What I was trying to learn in the interviews, to a certain extent, was simply how much of the sadness and anger I felt as a mother was “just me.” If it all was, then I figured I shouldn’t be writing a book. This was not a vanity production. I wanted to write a book that would speak truthfully about a wide cultural phenomenon. A book from my particular perspective, definitely, but not one that was solely about me as an individual. I felt fairly isolated in my anger at the injustices I saw around me, and I wanted to see— by checking in with others— if I was just unusually disgruntled. I found that I wasn’t. This was relieving! I wasn’t a freak, and I felt I had a legitimate book topic. I also found, through the interviews, that mothers have a hard time articulating their unhappiness. For one thing, they aren’t typically just unhappy. The women I interviewed certainly didn’t wish they weren’t mothers. They loved their children passionately. So did I.
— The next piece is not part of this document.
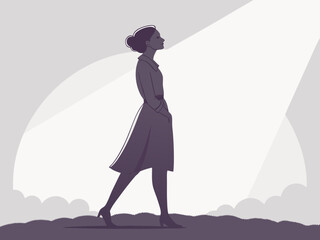 Elegant Female Silhouette in Backlight – Graceful Minimalist Woman Outline Vector – Fashion, Beauty, and Feminine Art Style for Modern Design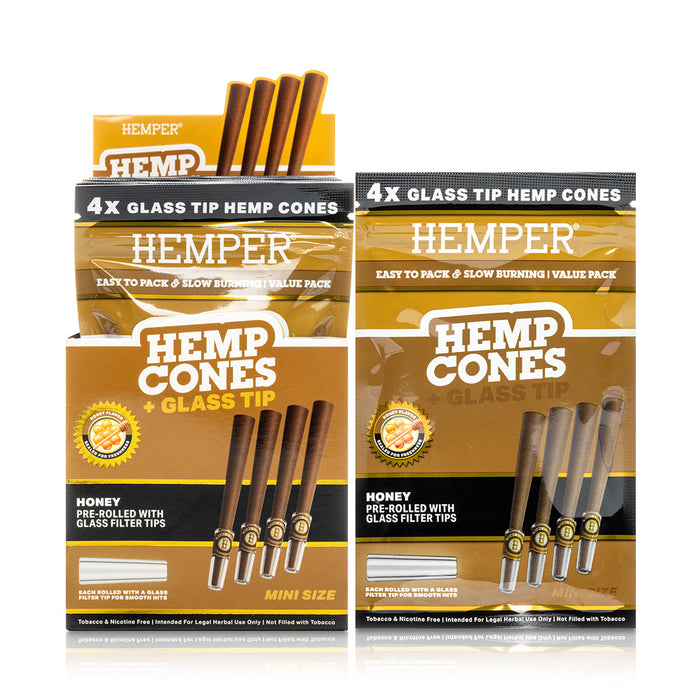 Pre-Rolled 4PK Mini Size Glass Tipped Hemp Cones | 12ct Display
What I was trying to tease out in the interviews was a separation, a kind of: Okay, so you love your child. But what don’t you love about motherhood, as you are living it? What I was trying to figure out was this: How much of what ails mothers is culturally-created, and how much is inherent to the role? If a child is throwing up all night, and you stay up with her, you probably feel wasted the next morning. I didn’t have any desire to critique this reality. Or any desire to change it. Children get sick, and they need care. What I wanted to isolate and identify were the facrs making contemporary American mothers unhappy and overburdened that were unnecessary, that could be changed. Say, for example, the guilt-mongering, anxiety-producing tone used in many pregnancy and parenting magazines and books. One reason the interviews were so critical was the way they helped me get at the intricacies of these separations—what is par for the course with motherhood, and what is unnecessarily damaging to women and can be changed.